> **Supplied material**:
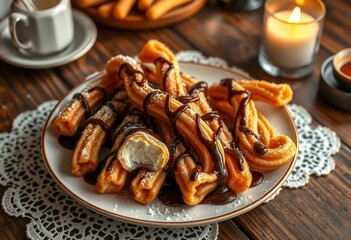 Fototapeta premium Freshly baked churros with chocolate sauce and powdered sugar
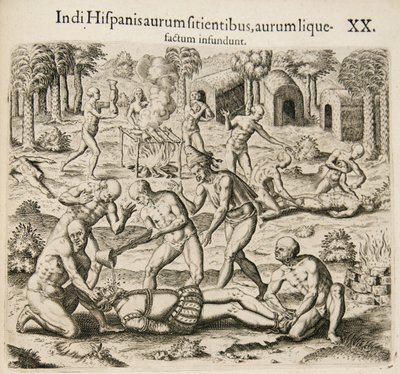 Eftersom spanjorerna törstar efter guld, häller indianerna flytande guld i dem. Från: Americae pars qv av Theodore de Bry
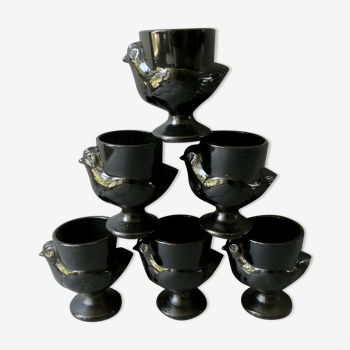 Set of 6 black opaline glass coquetiers, France, 70s
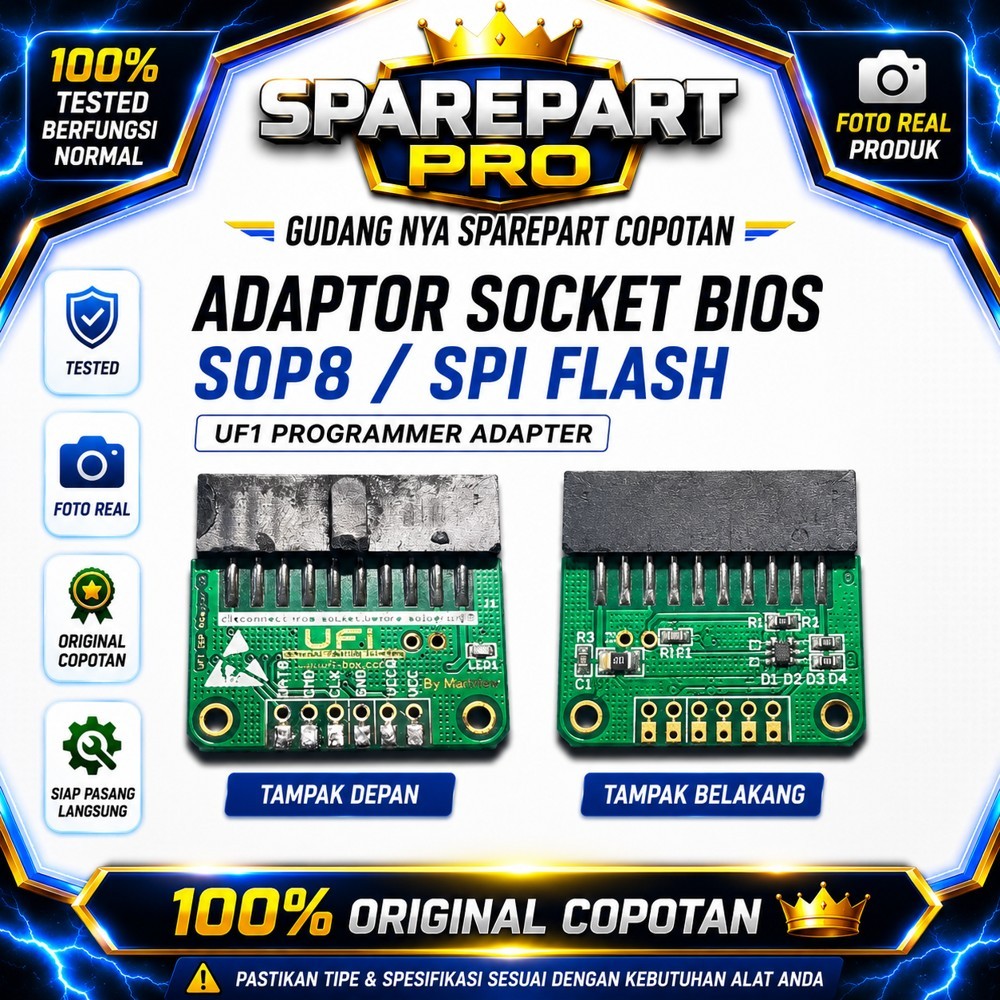 Adaptor Socket isp ufi box Programmer Adapter Original Copotan Tested Normal Foto Real Produk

> **Work order**: Give the listing again word for word, but drop every picture.

> **Answer box**:
 Fototapeta premium Freshly baked churros with chocolate sauce and powdered sugar
 Eftersom spanjorerna törstar efter guld, häller indianerna flytande guld i dem. Från: Americae pars qv av Theodore de Bry
 Set of 6 black opaline glass coquetiers, France, 70s
 Adaptor Socket isp ufi box Programmer Adapter Original Copotan Tested Normal Foto Real Produk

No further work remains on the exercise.